§ WORK REQUEST
Please output the data exactly, minus pictures.

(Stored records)
▼

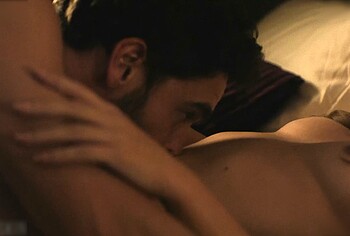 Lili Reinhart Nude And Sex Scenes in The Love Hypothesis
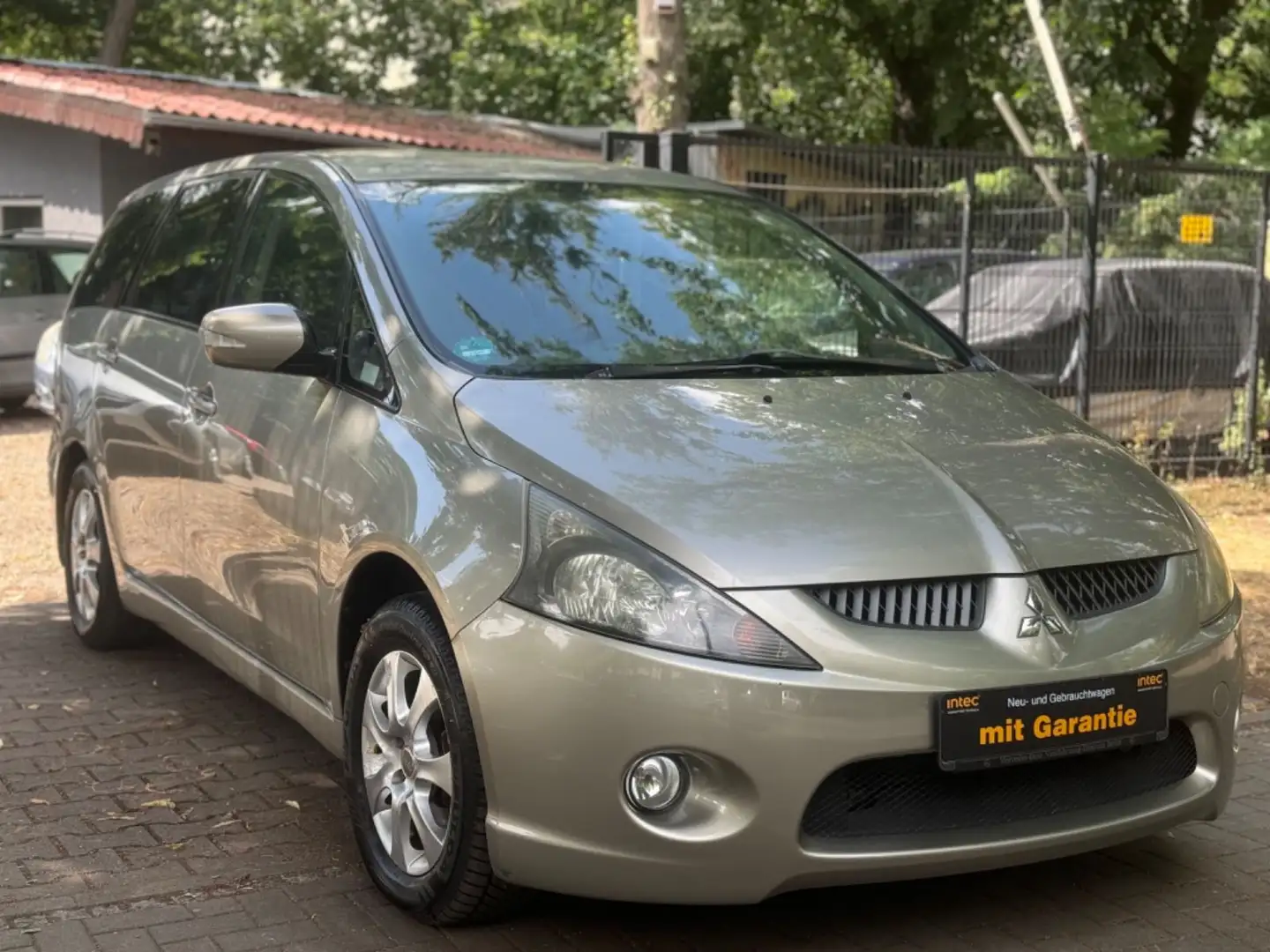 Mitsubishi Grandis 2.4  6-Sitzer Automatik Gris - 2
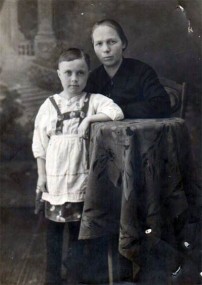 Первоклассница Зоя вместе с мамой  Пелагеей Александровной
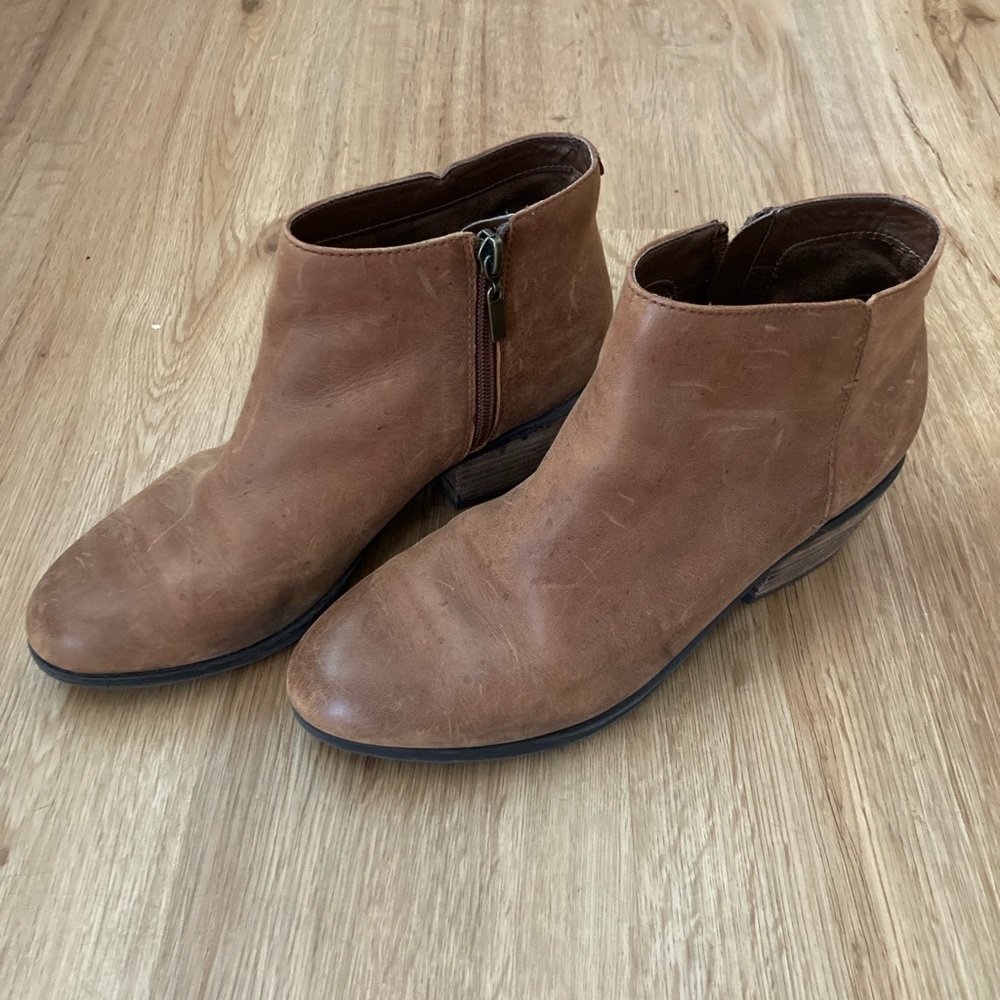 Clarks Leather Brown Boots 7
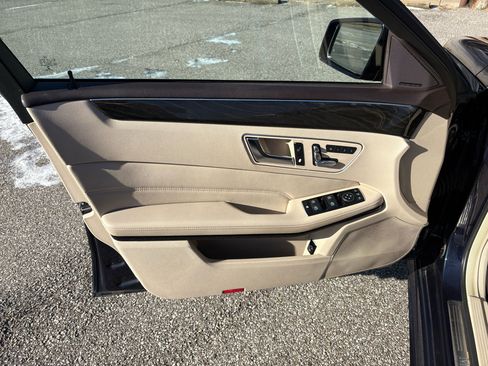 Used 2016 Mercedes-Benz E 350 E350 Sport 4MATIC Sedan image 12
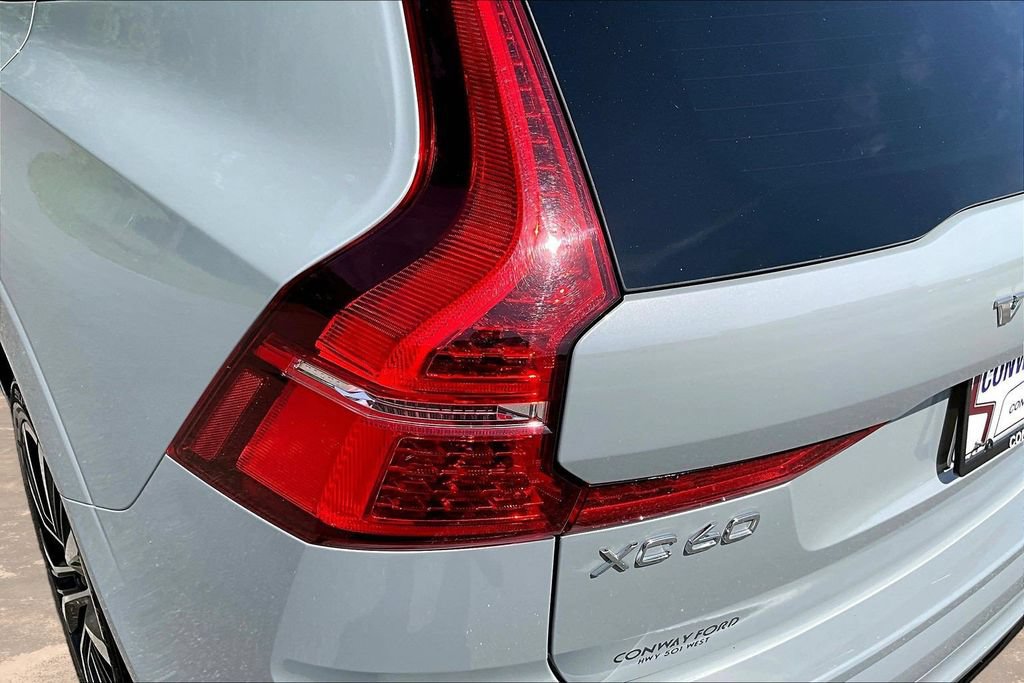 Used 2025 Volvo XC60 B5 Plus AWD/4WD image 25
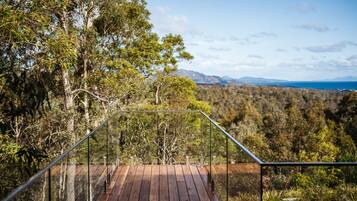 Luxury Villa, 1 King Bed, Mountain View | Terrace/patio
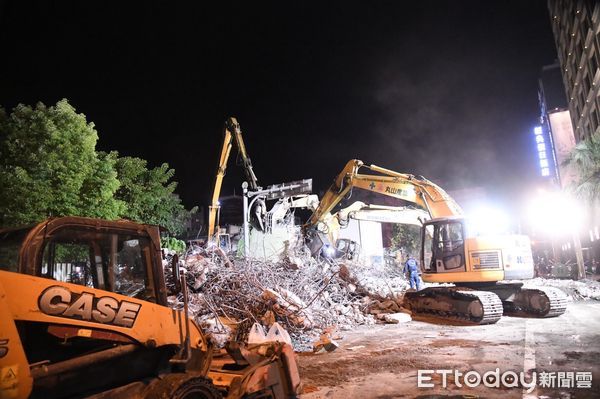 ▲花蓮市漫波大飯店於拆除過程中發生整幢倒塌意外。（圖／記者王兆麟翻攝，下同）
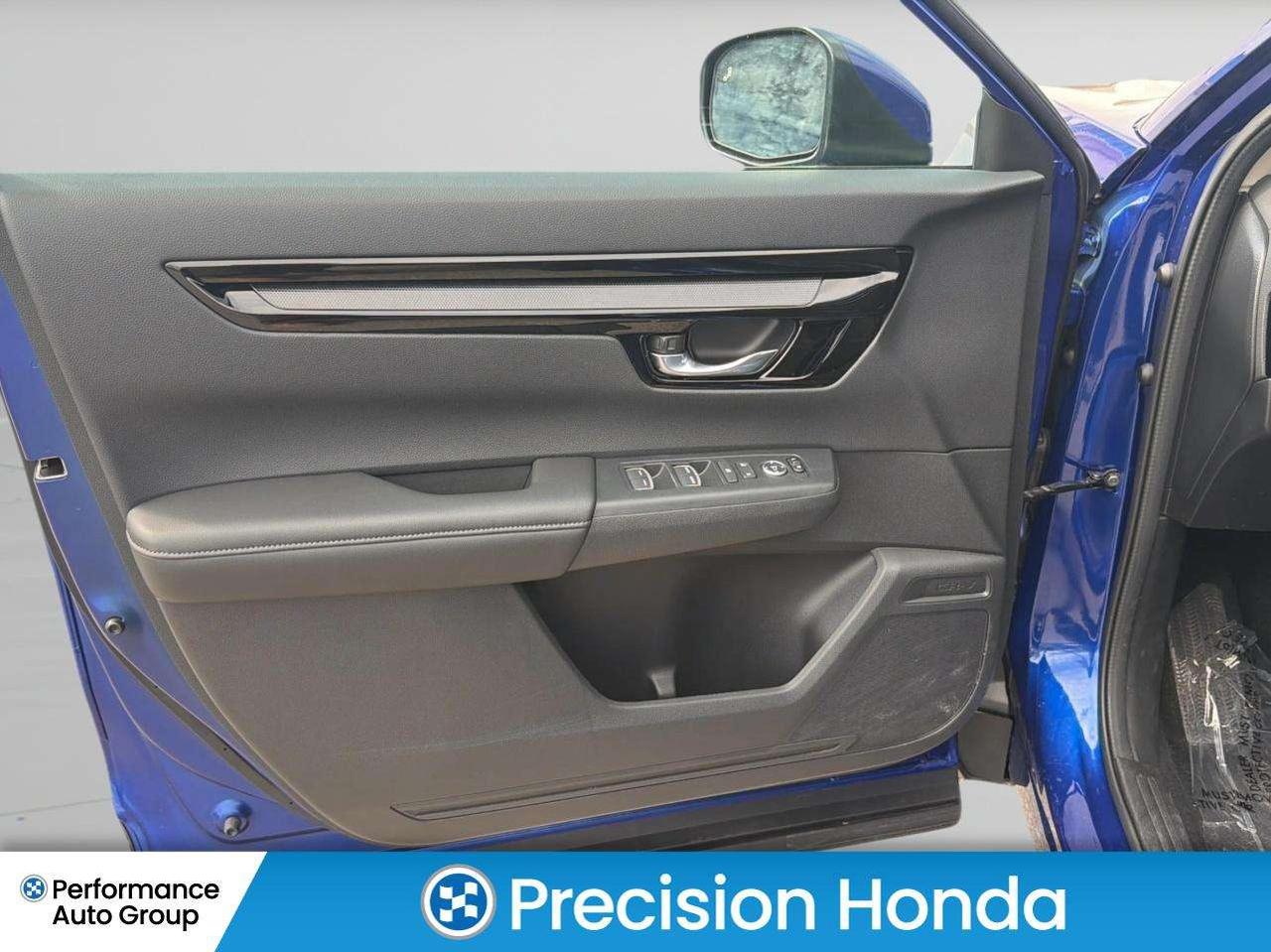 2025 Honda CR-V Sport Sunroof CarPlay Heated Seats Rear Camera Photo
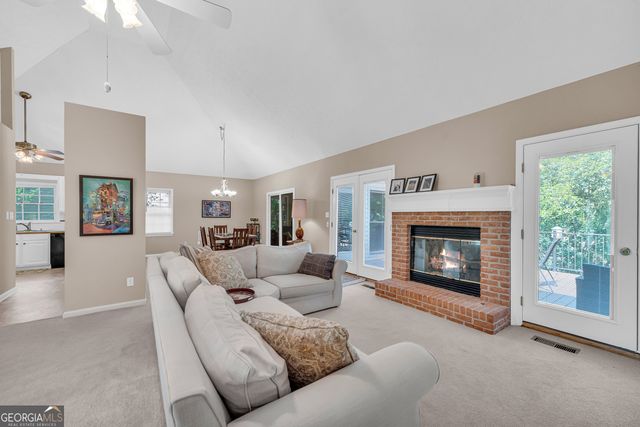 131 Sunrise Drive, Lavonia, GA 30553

▲

§ ANSWER BOX
 Lili Reinhart Nude And Sex Scenes in The Love Hypothesis
 Mitsubishi Grandis 2.4  6-Sitzer Automatik Gris - 2
 Первоклассница Зоя вместе с мамой  Пелагеей Александровной
 Clarks Leather Brown Boots 7
 Used 2016 Mercedes-Benz E 350 E350 Sport 4MATIC Sedan image 12
 Used 2025 Volvo XC60 B5 Plus AWD/4WD image 25
 Luxury Villa, 1 King Bed, Mountain View | Terrace/patio
 ▲花蓮市漫波大飯店於拆除過程中發生整幢倒塌意外。（圖／記者王兆麟翻攝，下同）
 2025 Honda CR-V Sport Sunroof CarPlay Heated Seats Rear Camera Photo
 131 Sunrise Drive, Lavonia, GA 30553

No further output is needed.